St. Helena Island Praline Bars - Oh My!

An island with a deep rooted connection to pecans through its agricultural history and its historic plantations. The Great Pecan Wars were serious business!

Patricia A Branning's avatar
Patricia A Branning
Apr 18, 2026
∙ Paid

St. Helena Island is a magical place on the South Carolina coastline, just a few miles from Beaufort, where African American men and women have farmed this land and fished this water for centuries--first as plantation slaves, then as freedmen. It's now one of the last communities on the East Coast that hasn't been swallowed up by development and tourism.

There was a time when I lived near Colonel Rathbun’s Brickyard Point Farm on Lady’s Island. He grew some of the finest pecans in all of Beaufort County.

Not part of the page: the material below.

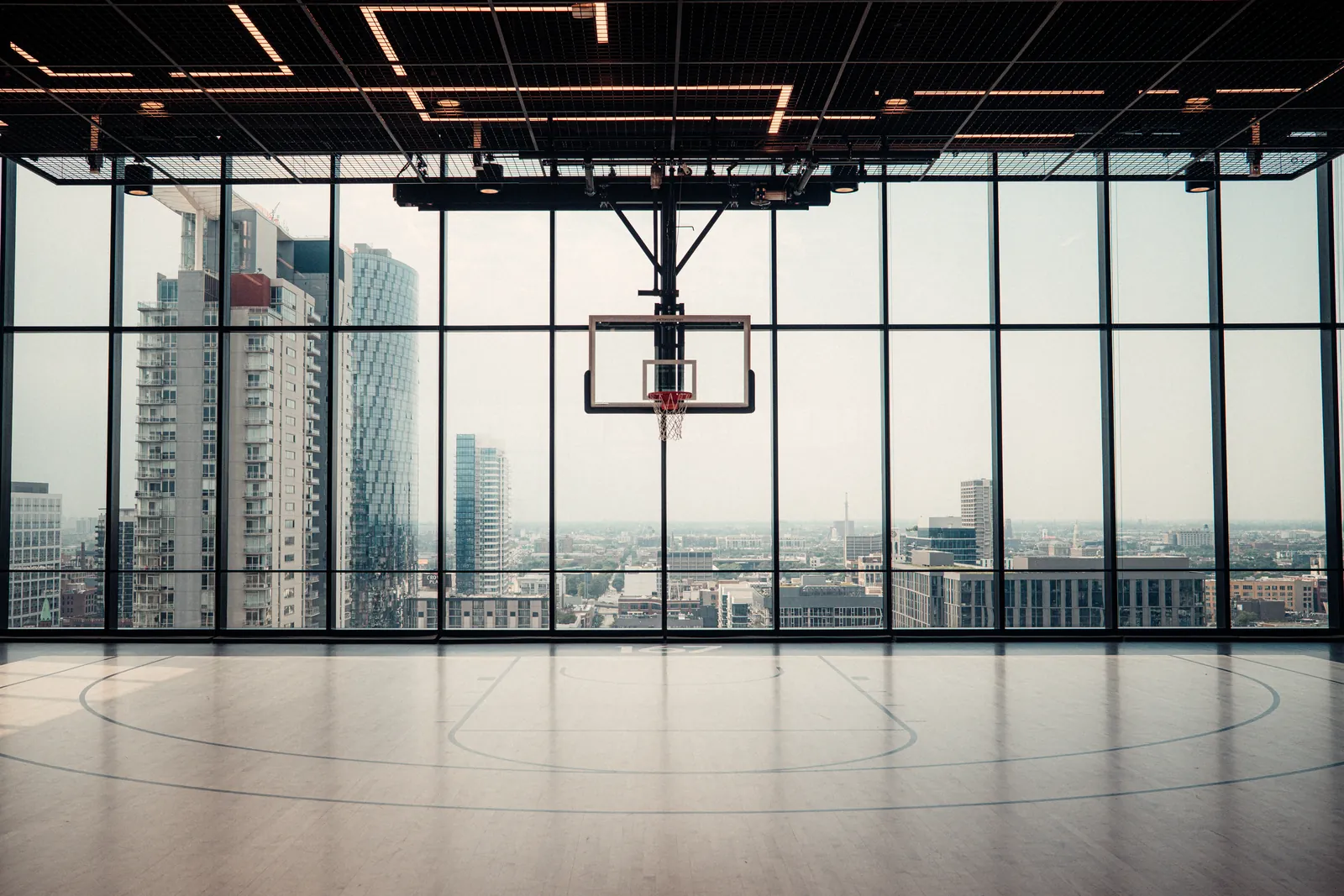 Empty BRODIE court with floor-to-ceiling windows over a city skyline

Living near Brickyard Point Farms meant two things: beautiful views and a front-row seat to Colonel Rathbun’s nightly tactical warfare.

When I met him, the Colonel was locked in a high-stakes, midnight standoff with the local deer and raccoons—critters who clearly viewed his pecans and vegetables as an all-you-can-eat Lowcountry buffet. Every morning, he’d recount the previous night’s skirmishes with the intensity of a four-star general, while the raccoons were likely back in the woods, patting their bellies and planning their next heist.

One afternoon, the Colonel marched up with the triumphant grin of a man who had finally outsmarted Mother Nature herself. He announced that the “Great Pecan War” was officially over. His secret weapon? High-tech surveillance? Electrified fencing?

Nope. A portable radio.

He simply marched out and plopped that little radio right in the middle of the field, cranking up the volume. Apparently, the deer weren’t fans of local talk radio or 40s swing, because he swore it scared them halfway to Beaufort.

There’s just something delightful about the image of a band of masked raccoons approaching a vegetable patch, only to be thwarted by the sudden, tinny sound of a weather report or a catchy show tune. It turns out, in the battle of Man vs. Nature, sometimes all you need is a good signal and some static to reclaim your crops!